TASK REQUIREMENTS » The expected answer is the set of lines in the data below between the line holding "Huxbaby Honey Bee Rib Legging" and the line holding "Águilas Blancas Flag Football", inclusive, written out exactly.

AVAILABLE RECORDS »
━━━

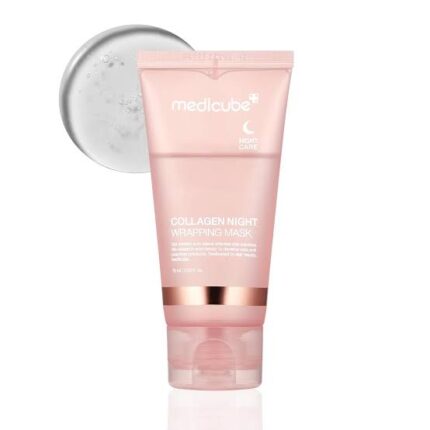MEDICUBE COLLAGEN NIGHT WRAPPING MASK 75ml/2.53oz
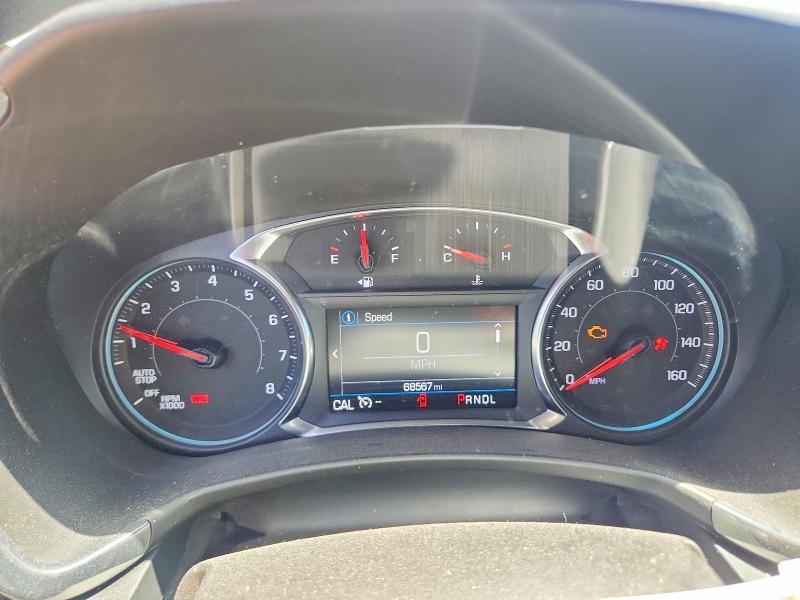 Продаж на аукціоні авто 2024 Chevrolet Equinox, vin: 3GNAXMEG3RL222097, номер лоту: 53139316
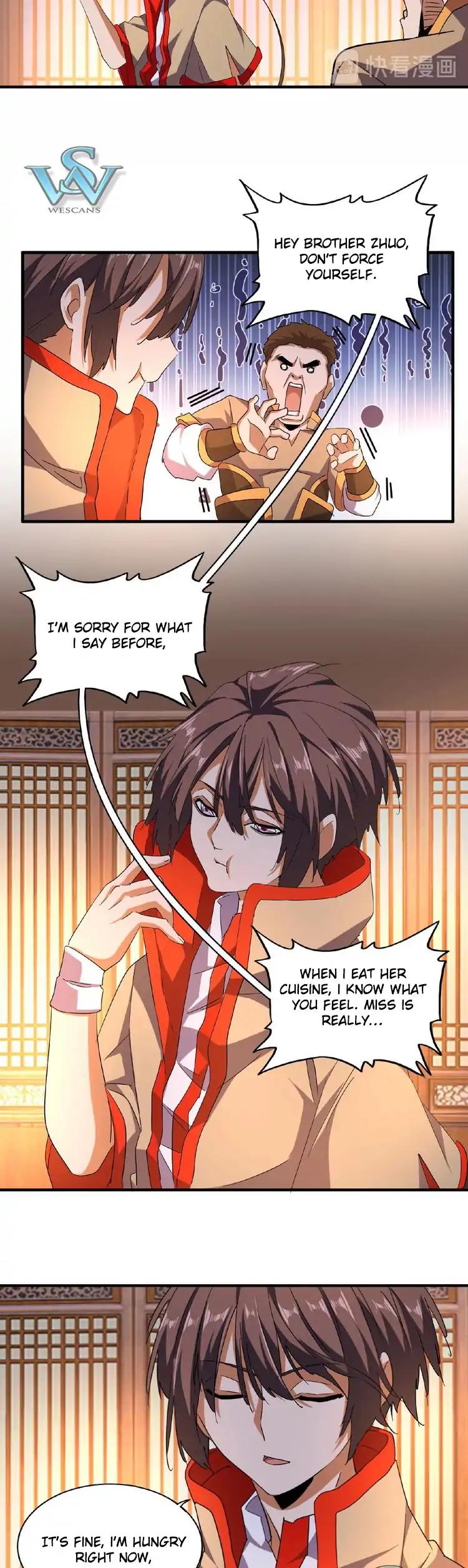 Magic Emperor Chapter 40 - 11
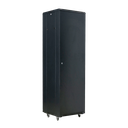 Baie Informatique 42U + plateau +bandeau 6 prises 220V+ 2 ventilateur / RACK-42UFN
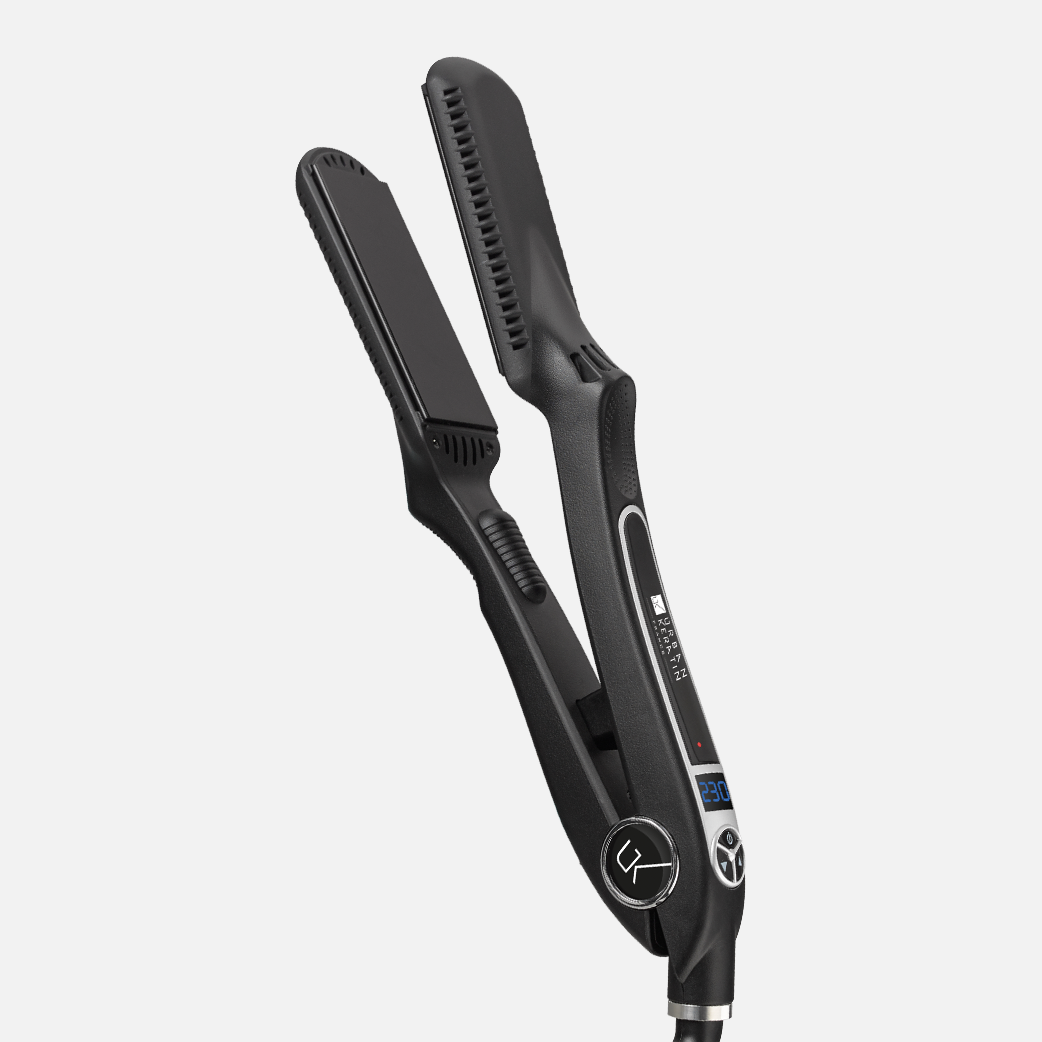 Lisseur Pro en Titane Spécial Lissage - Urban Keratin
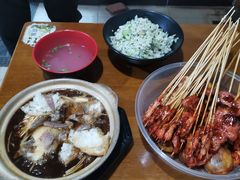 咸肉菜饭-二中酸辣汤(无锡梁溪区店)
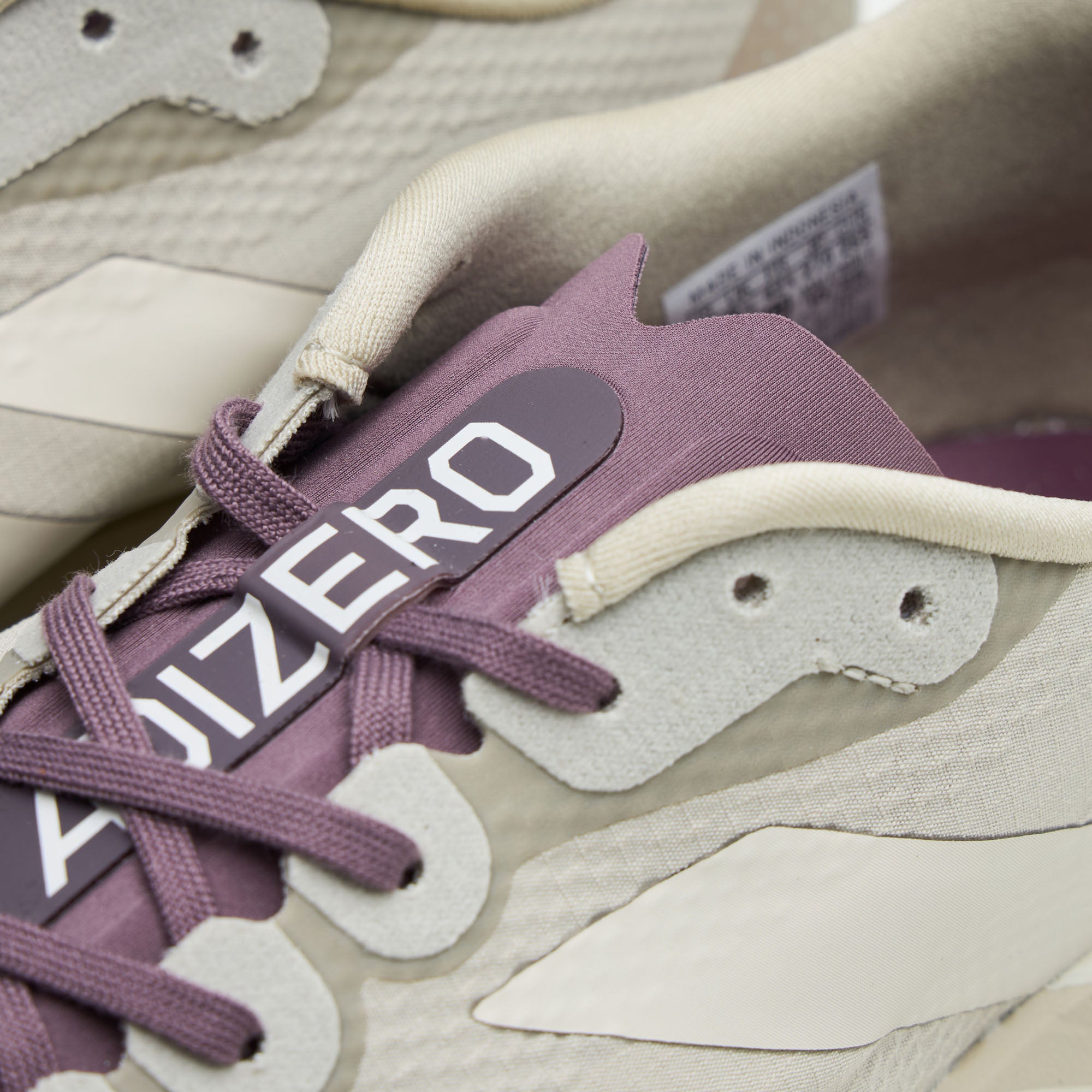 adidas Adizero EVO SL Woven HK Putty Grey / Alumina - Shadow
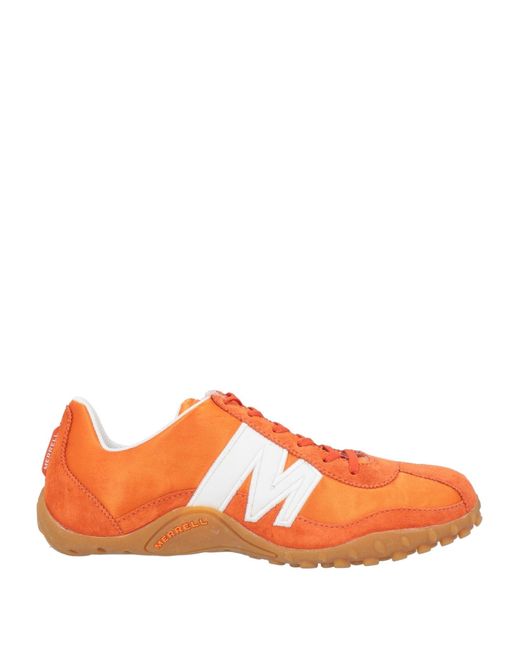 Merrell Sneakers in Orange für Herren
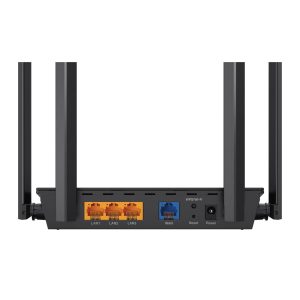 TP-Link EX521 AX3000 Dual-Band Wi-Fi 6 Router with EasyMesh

━━━

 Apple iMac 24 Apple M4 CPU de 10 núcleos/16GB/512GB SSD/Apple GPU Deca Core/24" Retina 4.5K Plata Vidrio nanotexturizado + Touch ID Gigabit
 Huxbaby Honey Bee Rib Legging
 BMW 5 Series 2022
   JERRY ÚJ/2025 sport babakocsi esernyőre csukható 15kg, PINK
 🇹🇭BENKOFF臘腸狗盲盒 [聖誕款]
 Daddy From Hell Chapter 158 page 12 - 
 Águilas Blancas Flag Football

━━━

EXERCISE SOLUTION »
 Huxbaby Honey Bee Rib Legging
 BMW 5 Series 2022
   JERRY ÚJ/2025 sport babakocsi esernyőre csukható 15kg, PINK
 🇹🇭BENKOFF臘腸狗盲盒 [聖誕款]
 Daddy From Hell Chapter 158 page 12 - 
 Águilas Blancas Flag Football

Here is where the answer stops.